If you understand what I have written so far, you will now understand more about money and banking than the general public, the MPs in Parliament and most of the government put together! VERY few people understand banking, luckily for the banks!

 

So let us look into mortgages a little more, since this is where a lot of people’s money goes each month. Yes, the amount of the mortgage IS created out of thin air i.e. by the borrower’s promise to repay, and yes the bank gets to seize your house if you do not pay them back on this loan money that they created out of thin air. But fraud aside, I will tell you the technicalities of the mortgage.

 

The first thing is the bank assesses your credit reports to see if you are going to make them a profit or not. The next thing they do is have you sign documents, which is your promise to “repay” the amount they “loaned” you. They then record this as an asset, and a drawing liability account is set up full of new money, for the amount of the “loan”. A cheque is then drawn off of this account to pay the seller of the property.

 

Now your loan is worth money. Banks will often sell the loan securities they now hold to other banks or individuals and make a nice lot of money on that. So they have now been paid for the mortgage. In this event, the bank acts as a collecting agent for the person that bought the mortgage from the bank, and a certain percentage of the income goes to this person.

 

After 25 years the mortgage is paid off. Now the money that the bank created to fund the loan (deposit account money) has been converted to real money, since the bank got paid through electronic transfers. This means that their reserves have increased and what did they risk? NOTHING. This is how bankers can get paid such big salaries and bonuses. Banking really is the best business to go into!

 

Now the technicalities of how the money that was created to fund the loan is destroyed are currently a mystery to me as it probably involves some complicated bookkeeping. But essentially what has happened is this:

 

  • You signed the loan docs and new deposits were created, however these deposits were not backed by any real money (cash, reserves or coin)
  • When you made payments they cleared through electronic transfer and therefore the lending bank’s reserves went up
  • When the process was complete (debt paid off), the deposit money that was created to fund the loan gets wiped off the books of the financial system entirely
 

So basically the bank is permitted to increase its money through simple bookkeeping tricks while giving you the illusion that they are risking customers’ deposits and lending you money that other people deposited.

 

 

Now for the second chapter of this piece, we move on to the bigger picture with regards to money. The first thing to note is that since all money is representative of debt, if all debts were to be paid off there would be no money left over in the financial system.

 

The second thing to note is that therefore all countries are bankrupt, since all money supplies are debt based. If you want solvency you will have to go to the international, where they still have gold at the Bank for International Settlements.
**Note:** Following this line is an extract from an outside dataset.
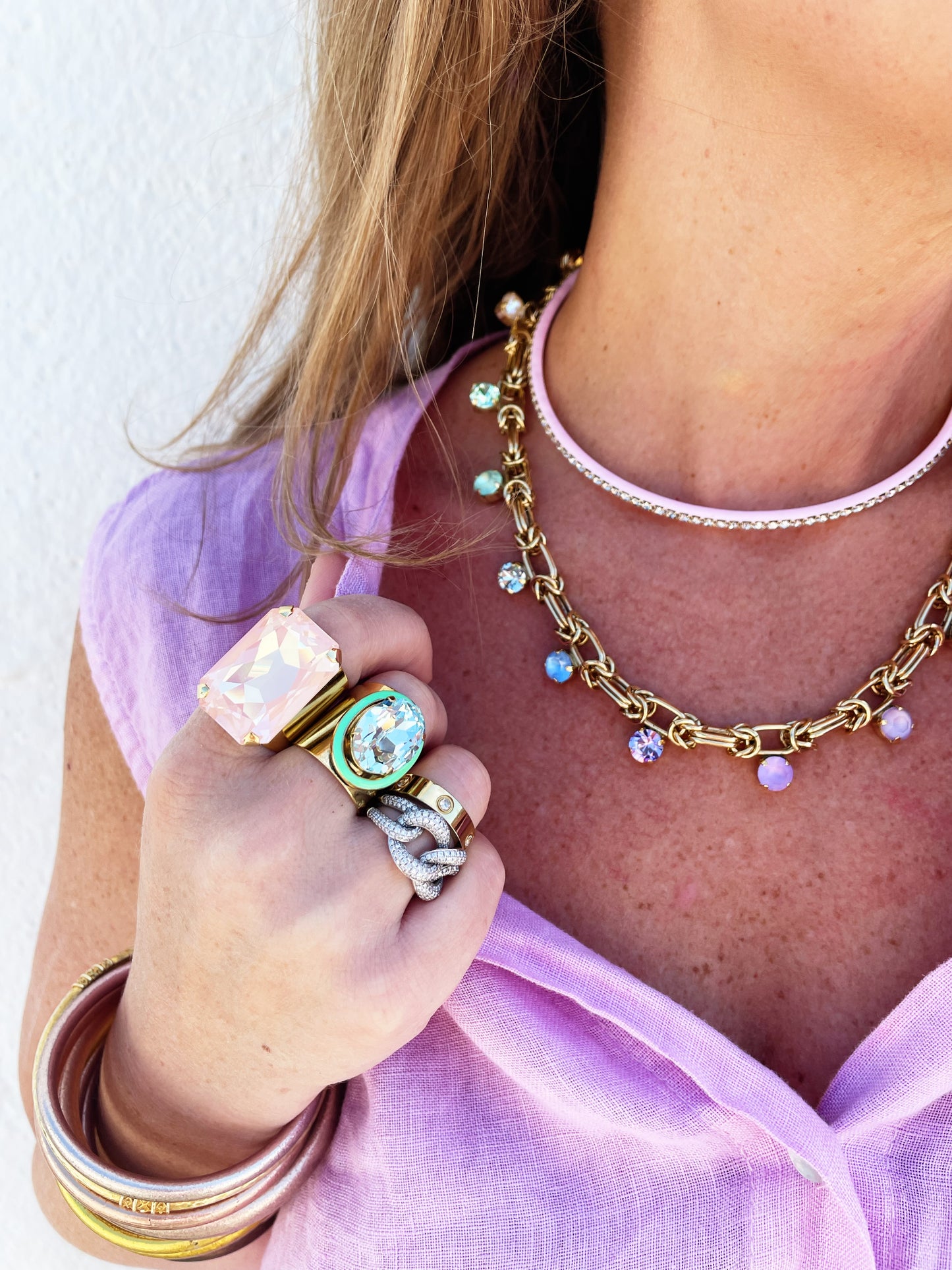 TOVA Mini Soleil Ring in Ultra Chiffon Moon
The rest of the modern world left the gold standard in the 1930s.

 

The reason the countries are bankrupt is because the definition of insolvency is not having enough money to pay debts, and there is not enough money out there to pay off all the debts of everyone in the country, since the amount of deposit money greatly exceeds the amount of real money in circulation, and this deposit money is what mortgage and loan debts are based on.

 

Hopefully by now you are beginning to see the bigger picture. Now on a lower level all bank notes are not actually money, they are promissory notes and liabilities of who ever sign them. In the UK, that would be the Bank of England. In the US, it would be the Treasury and Federal Reserve jointly.

 

This opens up a big question. If people accept debts of the central bank as payment, then why can’t the people bypass the central bank and write promissory notes of their own? If the people, through their signatures, are the sponsors of all the money of the society, then why do they have to be enslaved by their creation?